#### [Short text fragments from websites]
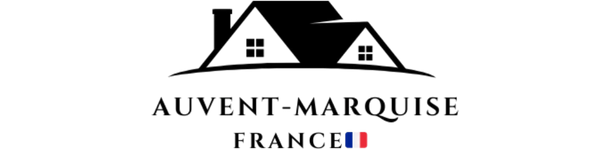 Auvent-marquise-france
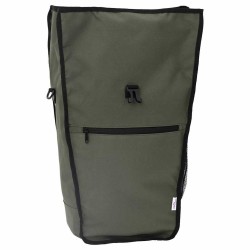 Sac à vélo Olive 34 x 16 x 59 cm Polyester 521161521161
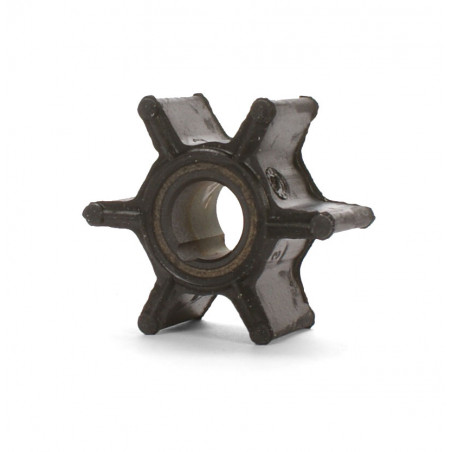 Impeller 500354 - 1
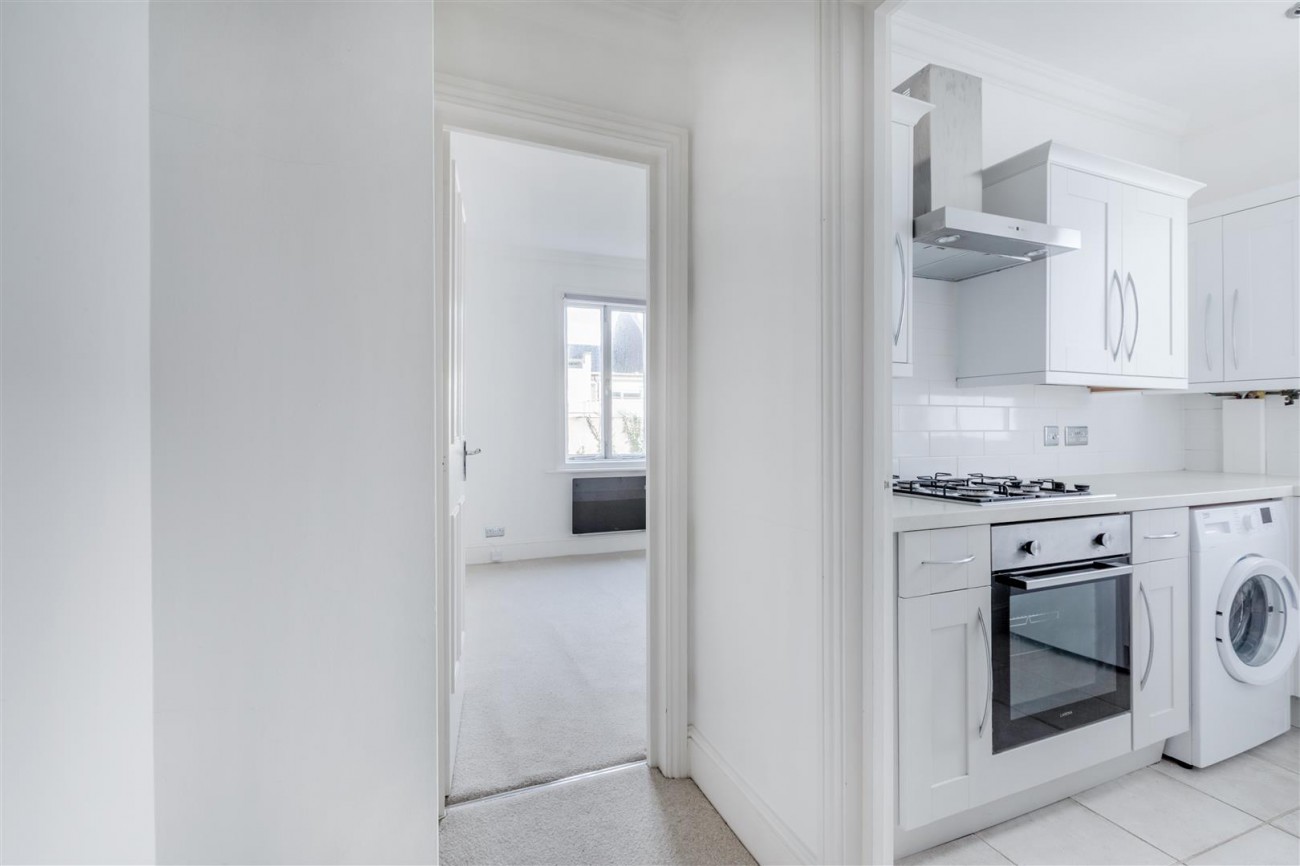 Images for Westbourne Villas, Hove EAID:lextonsapi BID:2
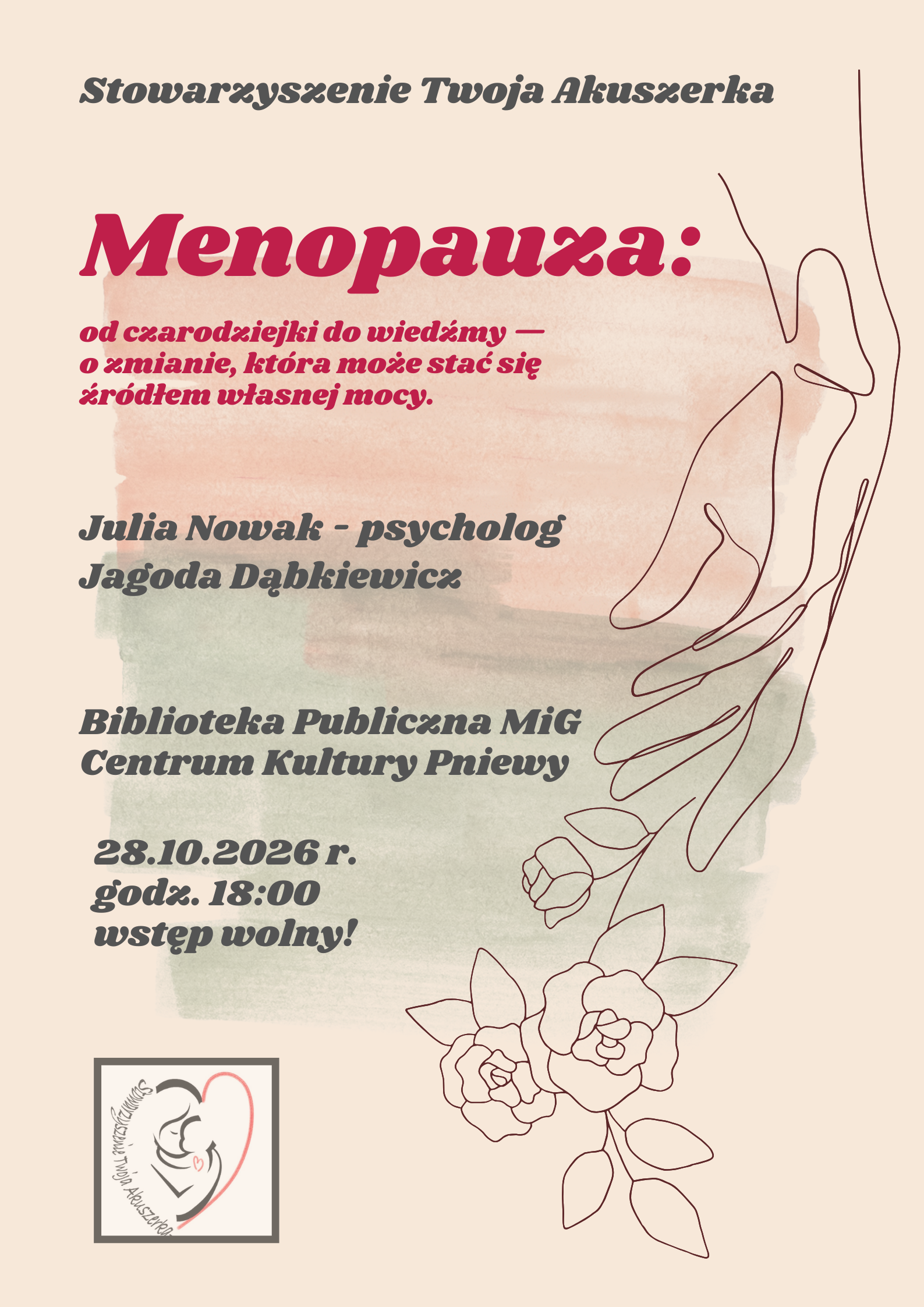 Menopauza_Od_czarodziejki_do_wiedźmy_&mdash;_o_zmianie,_kt&oacute;ra_może_stać_się_źr&oacute;dłem_własnej_mocy-(1)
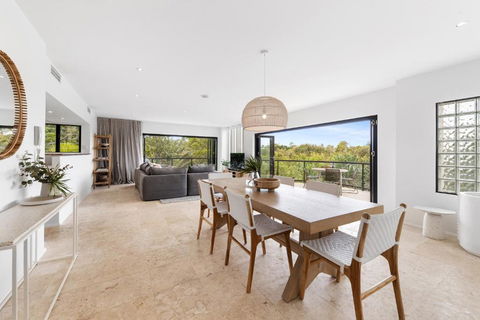 Da Vinci - Australia Accommodation 2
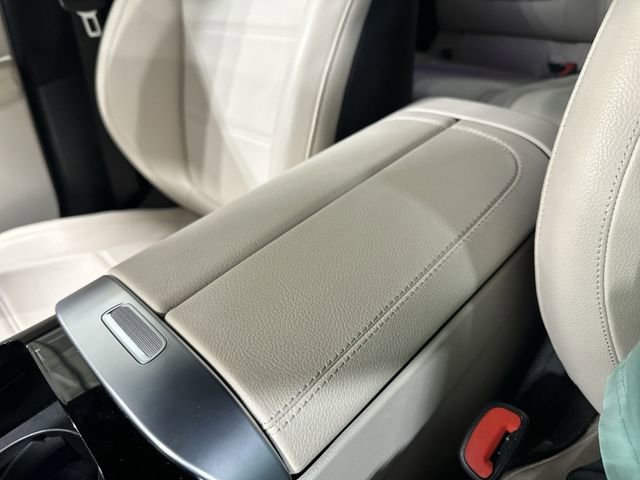 Used 2023 Mercedes-Benz GLC 300 4MATIC image 26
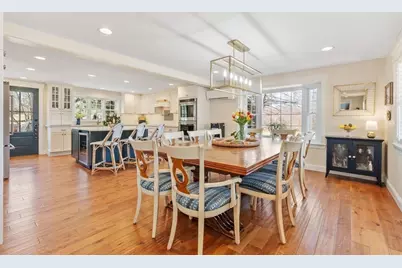 5 Rice Rd, Auburn, MA 01501 - Photo 16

#### [DIRECTIONS FOR THIS TASK]
Beginning with the line that contains "Images for Westbourne" and ending with the last line of the data, transcribe each line exactly; pictures stay out.

#### [FINAL ANSWER]
 Images for Westbourne Villas, Hove EAID:lextonsapi BID:2
 Menopauza_Od_czarodziejki_do_wiedźmy_&mdash;_o_zmianie,_kt&oacute;ra_może_stać_się_źr&oacute;dłem_własnej_mocy-(1)
 Da Vinci - Australia Accommodation 2
 Used 2023 Mercedes-Benz GLC 300 4MATIC image 26
 5 Rice Rd, Auburn, MA 01501 - Photo 16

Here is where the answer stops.